Yesterday evening, while engaging in a little film watching, I decided my eyes simply couldn’t take working with size one needles on some ribbed socks I recently cast on–and needed a switch. Not in the mood to work on my version of the Noro Garden Scarf, I decided to finally cast on using those Size 35 mumbo jumbo needles I bought about a month ago, and had some leftover salmon colored yarn with little flecks of gold and green in it that I’d used a year or so back to knit up some adorable little baby booties that I never gave to any slobbering little one.

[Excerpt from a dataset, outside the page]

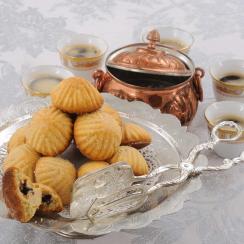 Chocolate Drops and Figs Cookies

What I got was a scarf that nearly knitted itself up in an hour–using garter stitch, I cast on 18 and ended up with a wide, large eyehole scarf that reeks of whimsy, something often described in my dress. So what could go wrong? Not a thing.

Methinks this was so easy I must make one for all my friends! Get in line; who wants a touch of whimsy in an hour or two?

File Under: Must.Stop.Casting.On.New.Projects.Have.Too.Many.Scarfs.Already!

Malabri-n-go Me This!

I finally got my hands on some delicious Malabrigo yarn! Drools! While these two kettle dyed and handspun in Uruguay skeins really made my credit card sweat, let me just say, it.was.worth.it.

Malabrigo yarn is smooth and soft as butter; a pure Merino worsted weight yarn well worth the $12 a hank; and might I add, I’ll even go for broke and sit and ball it much to my dismay because its that tasty (for those in the know, I get quite frustrated when I have to ball my hanks of yarn–once, breaking down in tears to my sister as I fought a gigantic hank of Israeli hand-dyed cotton that was far too impressionable to the great big, honkin KNOT!).

What’s more, Malabrigo works with generations of cattle ranchers in Uruguay to deliver the wool for their Merinos and laces; similarly, their Angoras are handspun by Native Americans in Argentina. It’s good to see my fellow Natives producing some of the most gorgeous yarns I’ve ever seen.

I’m not sure what I’ll do with the yarn yet–its got hues of purple and grey in it, and I love that its color palette is slightly uneven. It may end up a gift for someone at Christmas, but I’m quite drooling to make myself a giant chunky cowl of some sort. I’m vacillating betwixt that and something a bit more dainty. What do you think?

I adore the feather and fan cowl that I first spotted at one of my favorite blogs Knitology via Stay Fancy Free, which I definitely plan on knitting up regardless of whether I use the Malabrigo. But then there’s the giant chunky cowl over at CopyCat.

File Under: I need to buy this same yarn in the Cadmium color. Covet. Covet. Covet. Oh, and I need to decide on a project.